(DATA EXCERPTS)

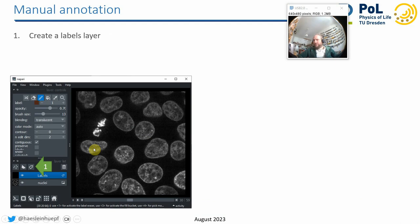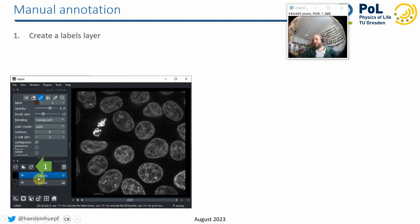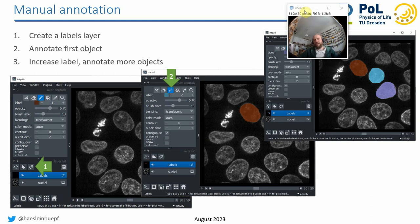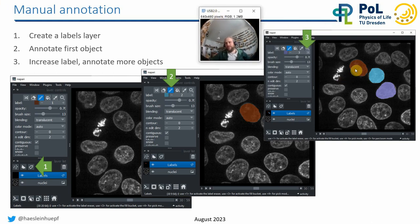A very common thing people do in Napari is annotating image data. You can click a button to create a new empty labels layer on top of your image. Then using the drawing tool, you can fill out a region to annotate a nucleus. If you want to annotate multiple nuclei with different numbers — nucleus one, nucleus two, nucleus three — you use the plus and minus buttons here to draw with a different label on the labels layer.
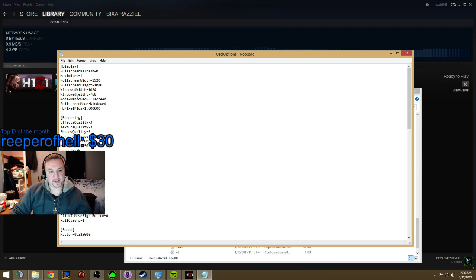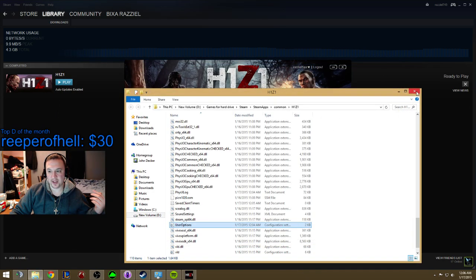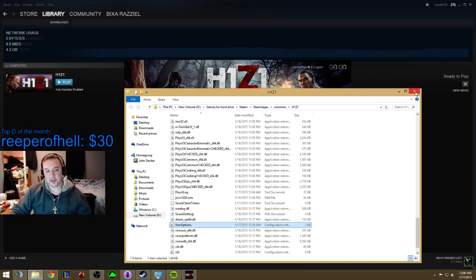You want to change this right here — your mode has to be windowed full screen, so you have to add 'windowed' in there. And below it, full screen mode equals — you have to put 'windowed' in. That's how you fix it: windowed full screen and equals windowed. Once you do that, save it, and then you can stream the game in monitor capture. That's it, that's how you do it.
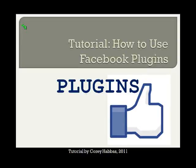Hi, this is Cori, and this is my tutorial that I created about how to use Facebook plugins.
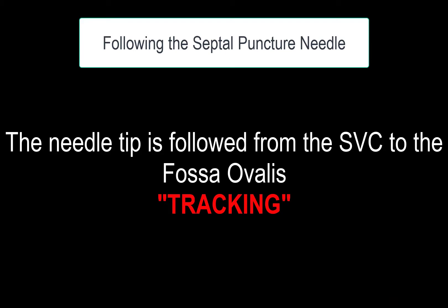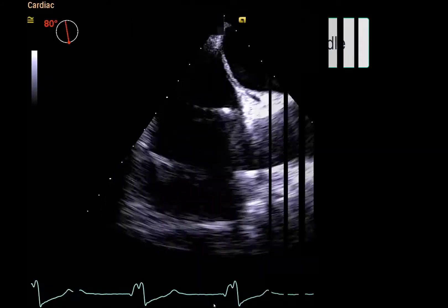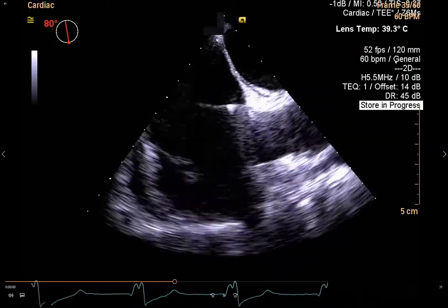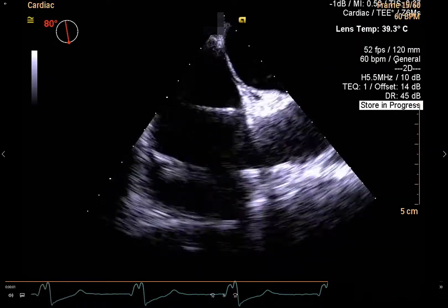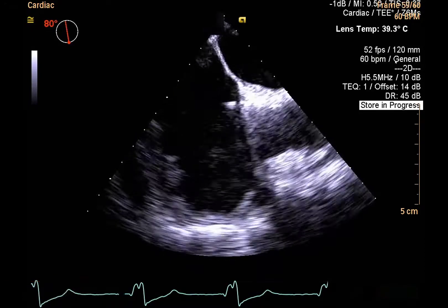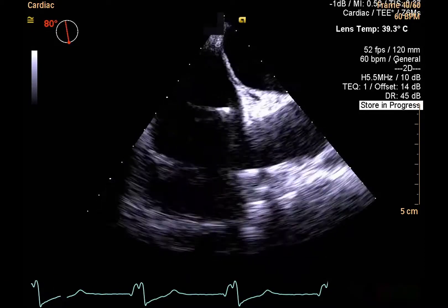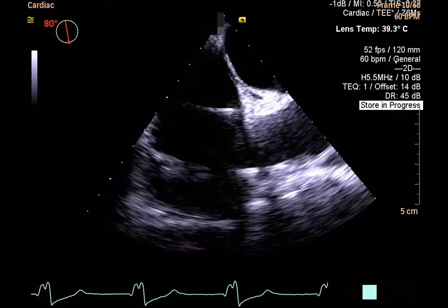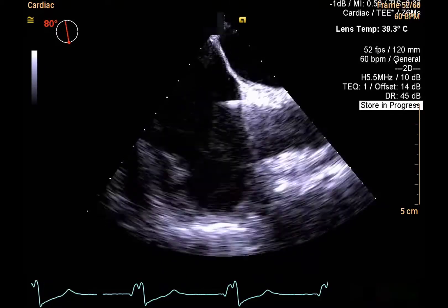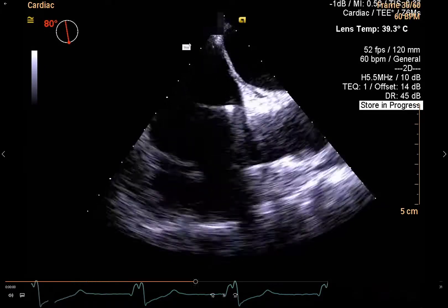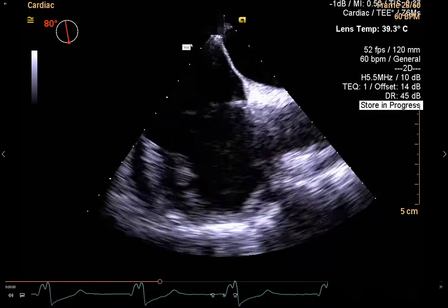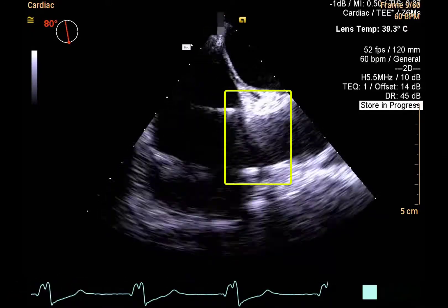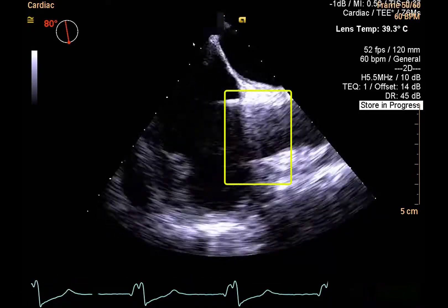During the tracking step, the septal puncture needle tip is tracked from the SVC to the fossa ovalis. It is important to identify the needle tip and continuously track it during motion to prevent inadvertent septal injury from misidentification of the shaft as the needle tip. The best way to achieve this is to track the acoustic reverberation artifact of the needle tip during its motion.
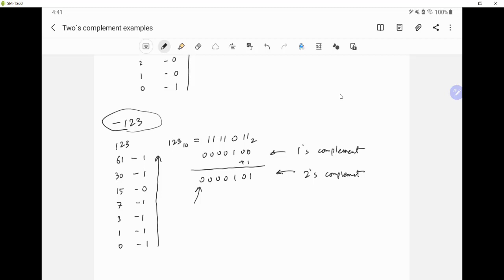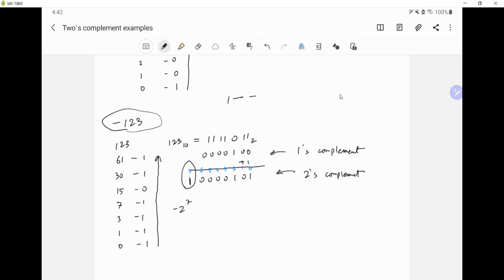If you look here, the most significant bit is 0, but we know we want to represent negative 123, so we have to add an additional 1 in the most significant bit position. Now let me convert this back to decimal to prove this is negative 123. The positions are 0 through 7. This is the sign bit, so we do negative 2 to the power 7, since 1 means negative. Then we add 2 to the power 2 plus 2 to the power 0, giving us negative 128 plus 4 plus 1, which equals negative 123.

(End DATA EXCERPTS)
(DATA EXCERPTS)

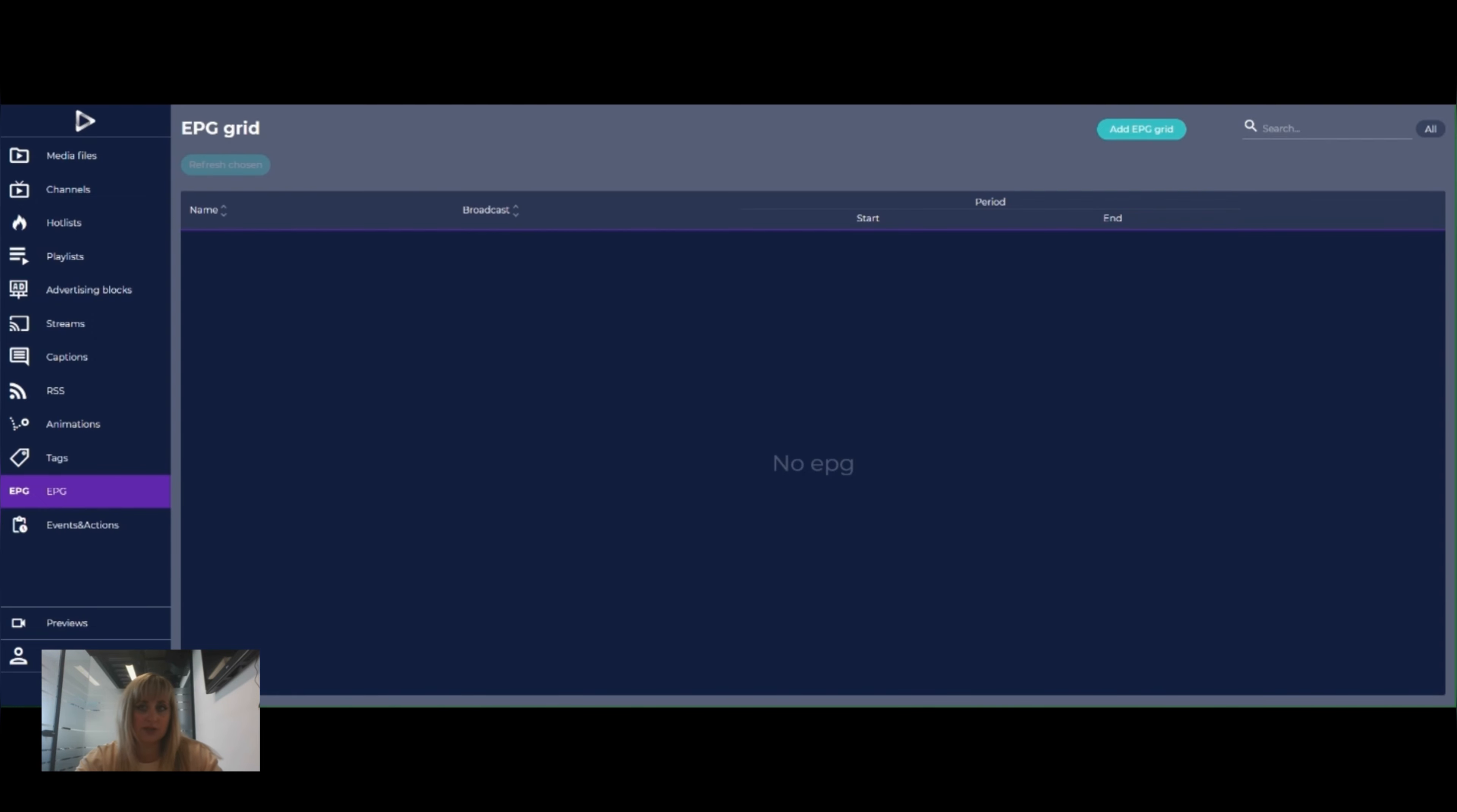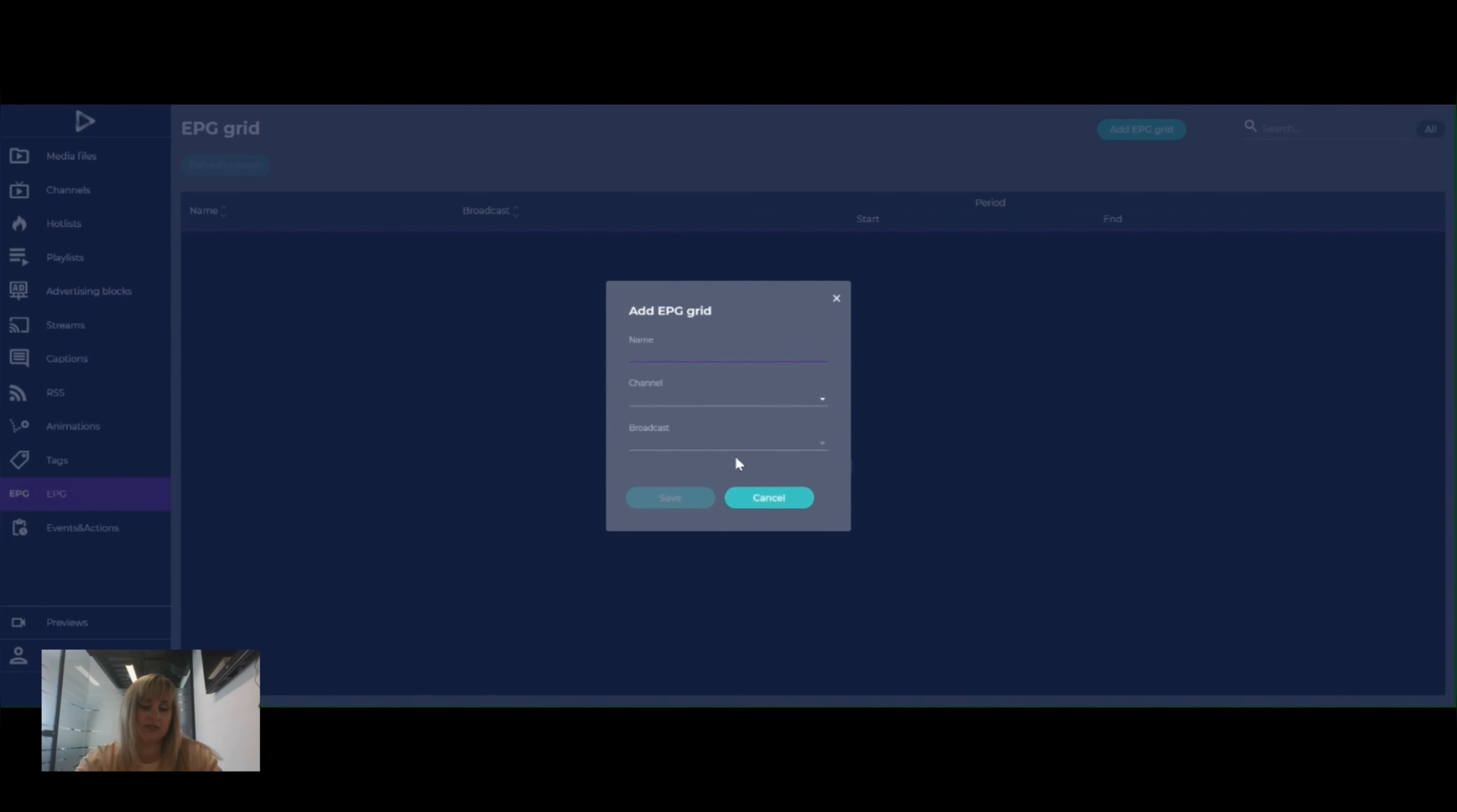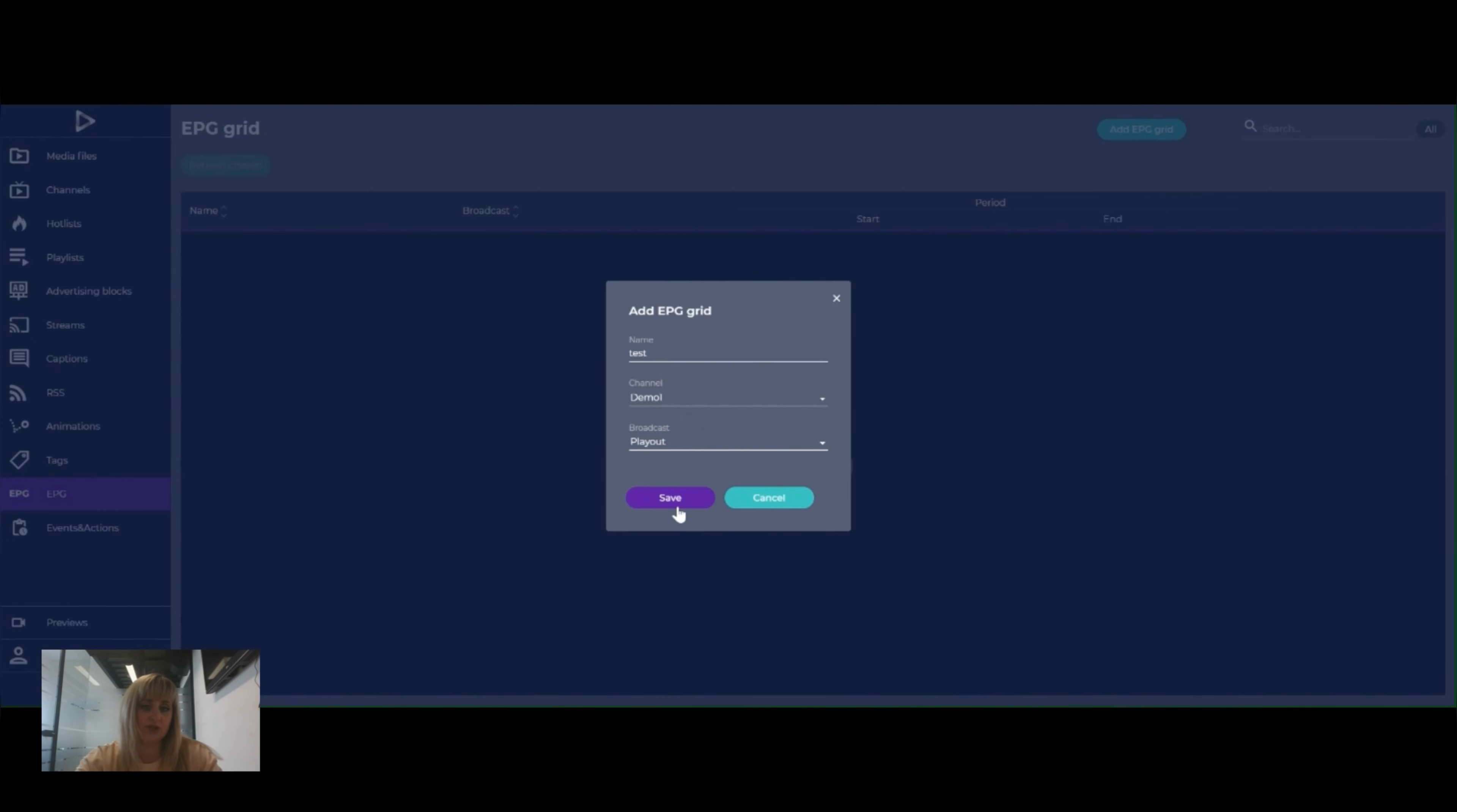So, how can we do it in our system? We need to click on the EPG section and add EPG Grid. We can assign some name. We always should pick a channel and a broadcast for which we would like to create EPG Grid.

(End DATA EXCERPTS)
(DATA EXCERPTS)

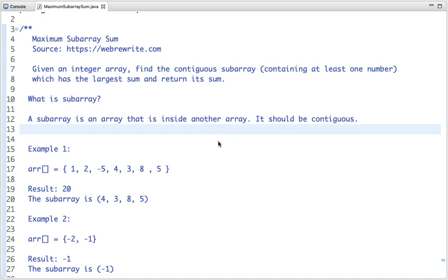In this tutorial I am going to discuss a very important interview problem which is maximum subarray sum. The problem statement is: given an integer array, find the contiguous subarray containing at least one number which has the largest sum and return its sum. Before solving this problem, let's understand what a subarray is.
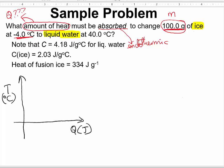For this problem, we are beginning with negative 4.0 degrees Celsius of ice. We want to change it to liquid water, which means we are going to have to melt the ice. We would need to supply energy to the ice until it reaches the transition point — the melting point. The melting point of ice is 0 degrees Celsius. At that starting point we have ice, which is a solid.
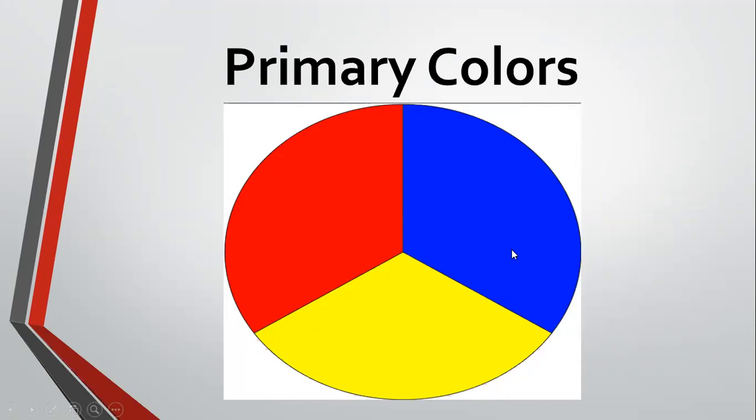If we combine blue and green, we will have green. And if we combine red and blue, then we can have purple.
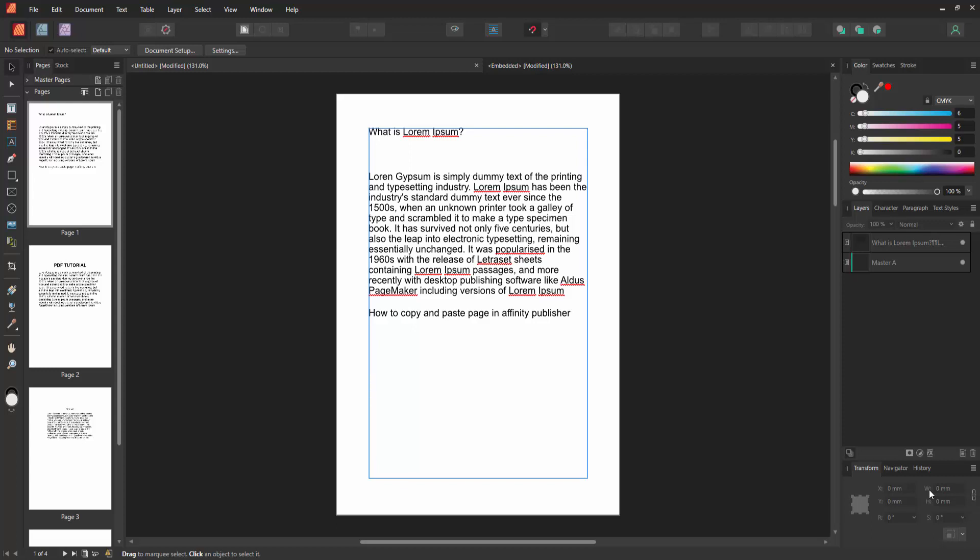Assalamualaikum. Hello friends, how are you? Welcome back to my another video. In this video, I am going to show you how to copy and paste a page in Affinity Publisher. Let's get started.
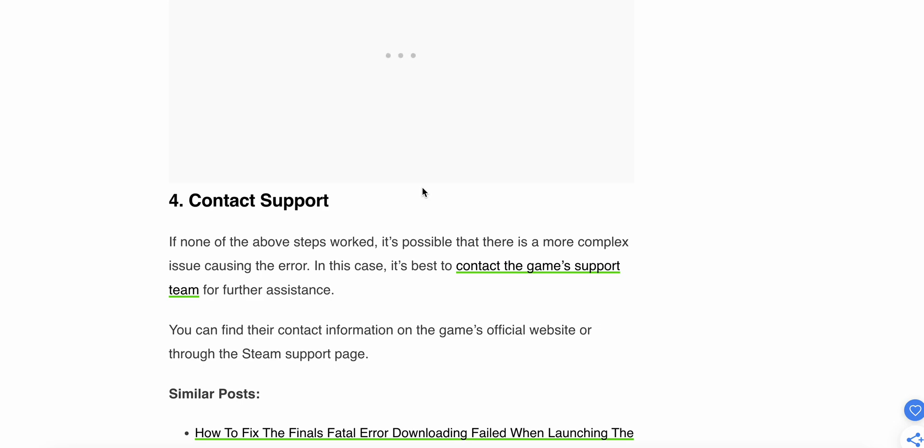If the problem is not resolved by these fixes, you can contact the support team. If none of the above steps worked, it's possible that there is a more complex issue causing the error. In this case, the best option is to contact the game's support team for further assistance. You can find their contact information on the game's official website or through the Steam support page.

(End DATA EXCERPTS)

Quote the data above exactly from the line with "In this tutorial" to the line with "For this problem, we", both ends counted, and nothing else. Pictures don't go in.

In this tutorial I am going to discuss a very important interview problem which is maximum subarray sum. The problem statement is: given an integer array, find the contiguous subarray containing at least one number which has the largest sum and return its sum. Before solving this problem, let's understand what a subarray is.
For this problem, we are beginning with negative 4.0 degrees Celsius of ice. We want to change it to liquid water, which means we are going to have to melt the ice. We would need to supply energy to the ice until it reaches the transition point — the melting point. The melting point of ice is 0 degrees Celsius. At that starting point we have ice, which is a solid.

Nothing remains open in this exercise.